The new economic policy
Many thousands of the Kronstadt sailors were killed. The mutiny was crushed. But Lenin recognized that changes were necessary. In march 1921, at the Party Congress, Lenin announced some startling new policies which he called the New Economic Policy (NEP). The NEP effectively brought back capitalism for some sections of Russian society. Peasants were allowed to sell surplus grain for profit and would pay tax on what they produces rather than giving some of it up to the government.
In the towns, small factories were handed back into private ownership and private trading of small good was allowed.
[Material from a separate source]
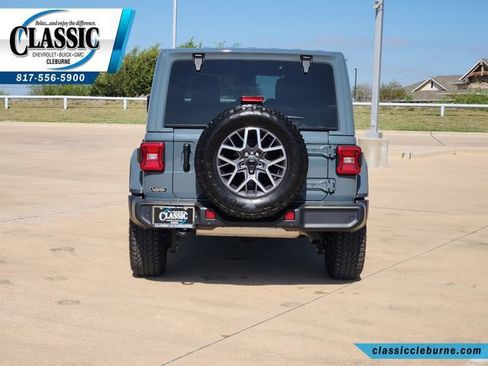 Used 2024 Jeep Wrangler Sahara w/ Safety Group image 8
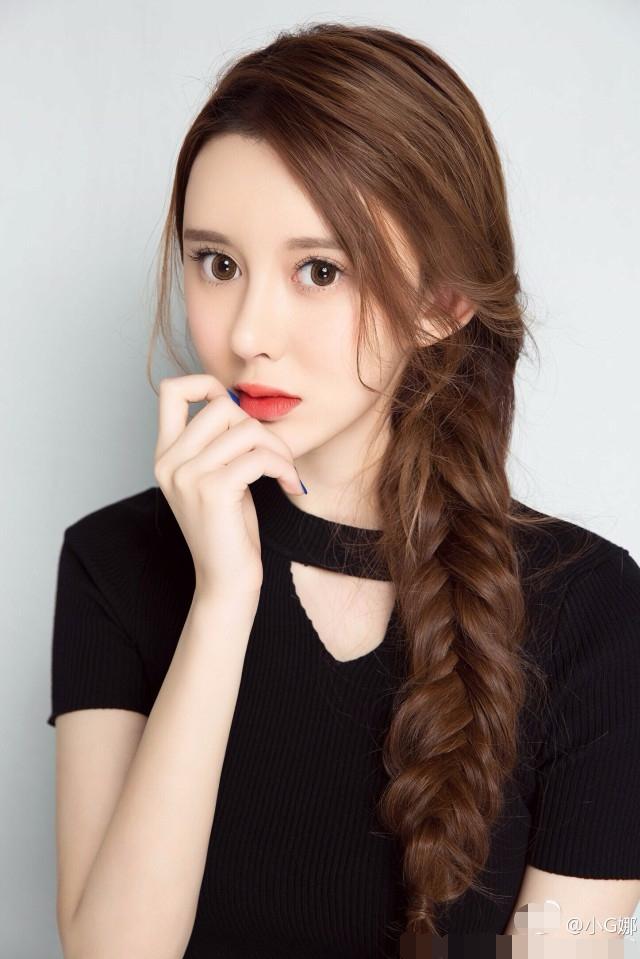 毁掉吴亦凡事业的小g娜突然"复出",消失一年的她五官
Lenin made it clear that the NEP was temporary and the vital heavy industries (coal-oil-iron-steel) would remain in state hands. Nevertheless, many Bolsheviks were horrified when the NEP was announced, seeing it as a betrayal of Communism. As always, Lenin won the argument and the NEP went into operation from 1921 onwards. By 1925 there seemed to be strong evidence that it was working , as food production in particular rose steeply. However, increases in production did not necessarily improve the situation of industrial workers.
Modernising the USSR
Once in power Stalin was determined to modernise the USSR so that it could meet the challenges which were to come. He took over a country in which almost all the industry was concentrated in just few cities and whose workers were unskilled and poorly educated. Many regions of the USSR were in the same backward state as they had been a hundred years earlier.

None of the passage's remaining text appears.